- Born: 1966
- Education: Harvard University Southern California Institute of Architecture
- Occupation: Architect
- Known for: Beats Electronics, Intelligentsia Coffee & Tea
- Spouse(s): Tom Stern (divorced); Adam Silverman (divorced)
- Children: 2

= Barbara Bestor =

American architect

Barbara Bestor (born 1966) is an American architect based in Los Angeles, California. She is the principal of Bestor Architecture, founded in 1992. Examples of her work include the Beats Electronics Headquarters in Culver City, Blackbirds, small lot housing in Los Angeles, Intelligentsia Coffee & Tea in Los Angeles, the revitalization of Silvertop, originally designed by John Lautner and the Toro Canyon House in Santa Barbara. In 2017 she was elected to the AIA's College of Fellows.

==Early life==
Barbara Bestor grew up in Cambridge, Massachusetts, where her father was an anthropologist and her mother was a college administrator. She interned for Cambridge Seven Associates through college, with a study-abroad year at the Architectural Association School of Architecture in London, eventually graduating from Harvard University in 1987. She then received a master's degree in architecture from the Southern California Institute of Architecture in Los Angeles in 1992.

==Career==
Bestor began her architectural practice in Los Angeles in 1992. In her early career, she renovated many private residences in the Los Angeles area. She also designed the Actors' Gang theater in Hollywood with fellow architect Norman Millar. In 2001, she taught architecture at the Harvard Graduate School of Design. She returned to Los Angeles a year later, in 2002. She has taught architecture at the University of California, Los Angeles.

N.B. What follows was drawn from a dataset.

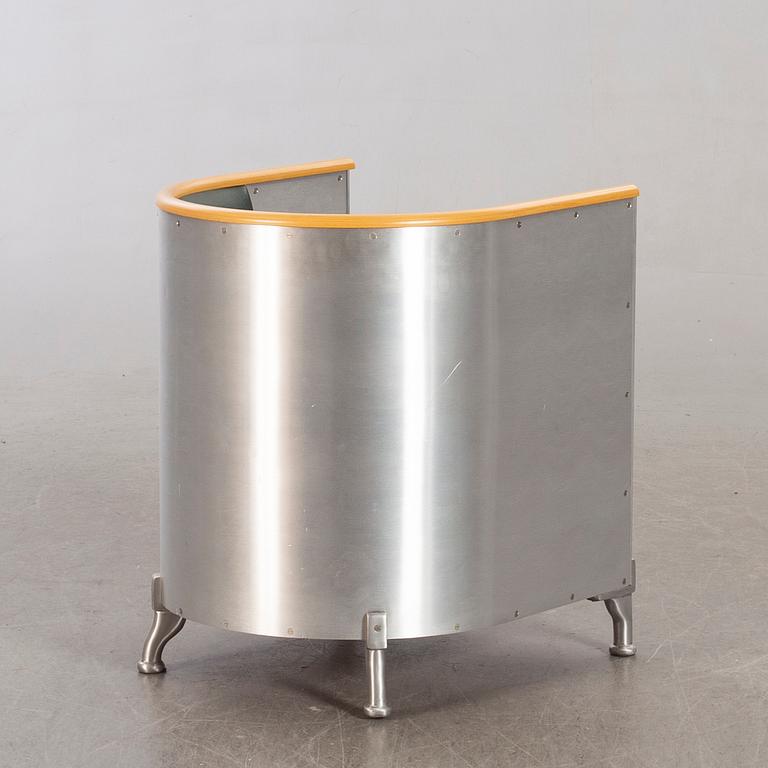 Mats Theselius, fåtölj, "Aluminium", Källemo, formgiven 1990.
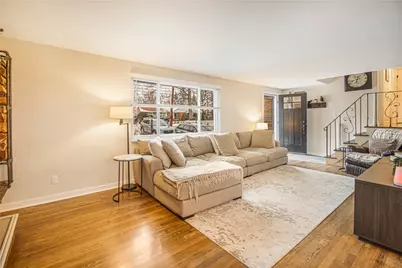 8748 Prescott Dr, Pittsburgh, PA 15237 - Photo 5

Bestor has taught at the Woodbury University School of Architecture in Burbank, California, where she is also the executive director of the Julius Shulman Institute. She was the founding Chair of the Graduate program. In 2014, with Catherine Gudis, Thomas Kracauer, and Shannon Starkey, she curated an exhibition about the environmental graphic designer Deborah Sussman at Woodbury. She has been a TEDx speaker. In 2017 the exhibition Albert Frey and Lina Bo Bardi: A Search for Living Architecture, designed by Bestor Architecture, opened at the Palm Springs Art Museum.

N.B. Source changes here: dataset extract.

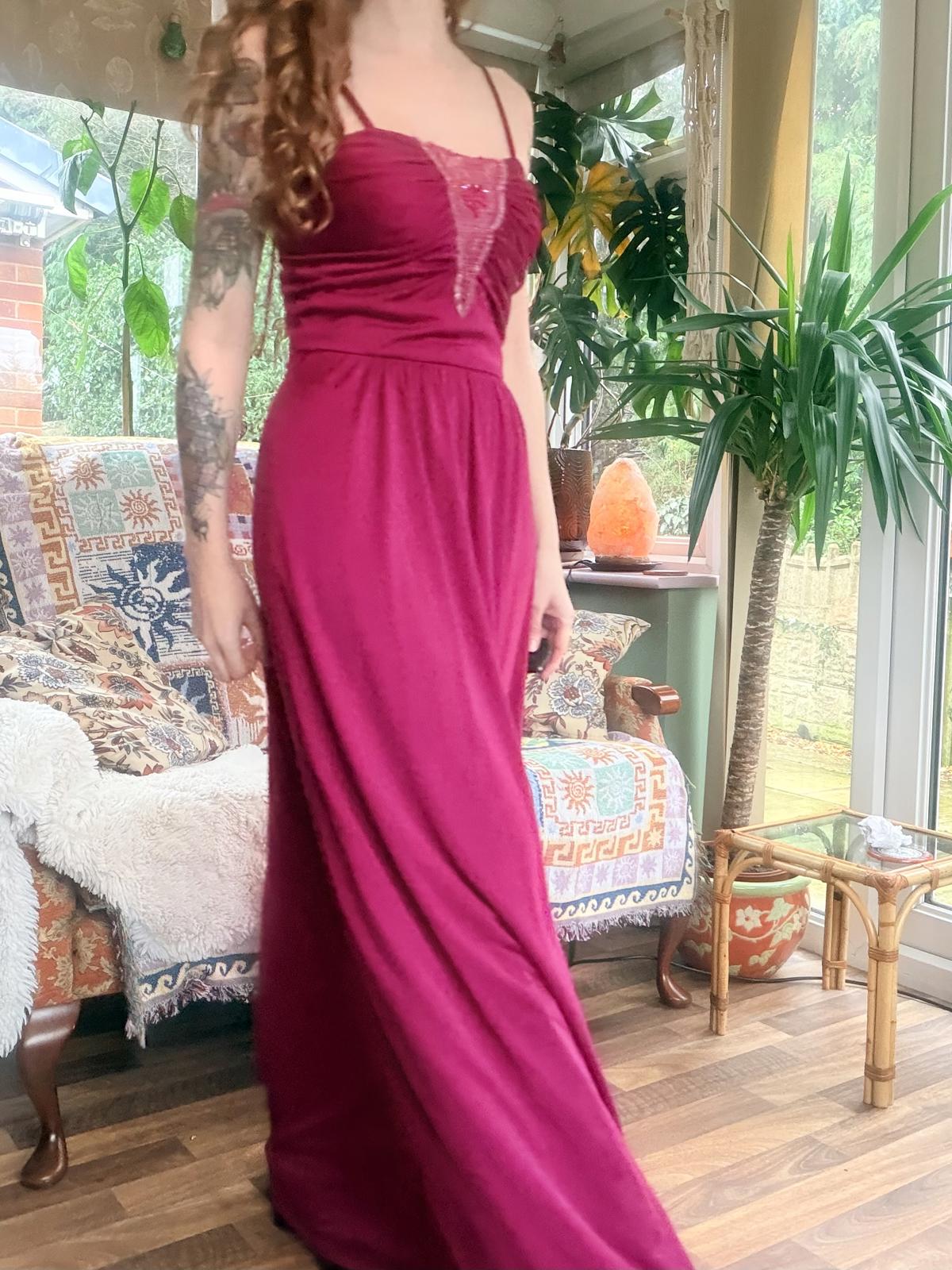 Vintage 1990s cocktail dress by Vera Mont size 10 Burgundy Maxi beaded maxi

Bestor has designed private residences in Echo Park, Pacific Palisades, Mount Washington, Silverlake, Los Feliz, Topanga Canyon, and Santa Barbara. She has also designed stores and restaurants in Los Angeles, New York City, and Tokyo. In 2011, she was the recipient of the LA Restaurant Design Award from the American Institute of Architects for her design of the Pitfire Pizza in LA. She was also nominated for the James Beard Foundation Award for the same restaurant that year. The Floating Bungalow house in Venice, CA was featured in MOCA's 2013 survey of contemporary Los Angeles architecture. In 2015, the Beats By Dre Headquarters was recognized with a National AIA Honor Award for Interior Architecture. In 2017 two new projects opened, the Ashes & Diamonds Winery and Event Center and the Silverlake Conservatory of Music. Since the opening of Blackbirds Bestor has explored a variety of housing solutions for Los Angeles, ultimately receiving second place in the city's Low Rise competition.

==Personal life==
She has two daughters from a previous marriage.

==Bibliography==
- Barbara Bestor. Bohemian Modern: Living in Silver Lake. New York City: HarperCollins. 2006. 272 pages.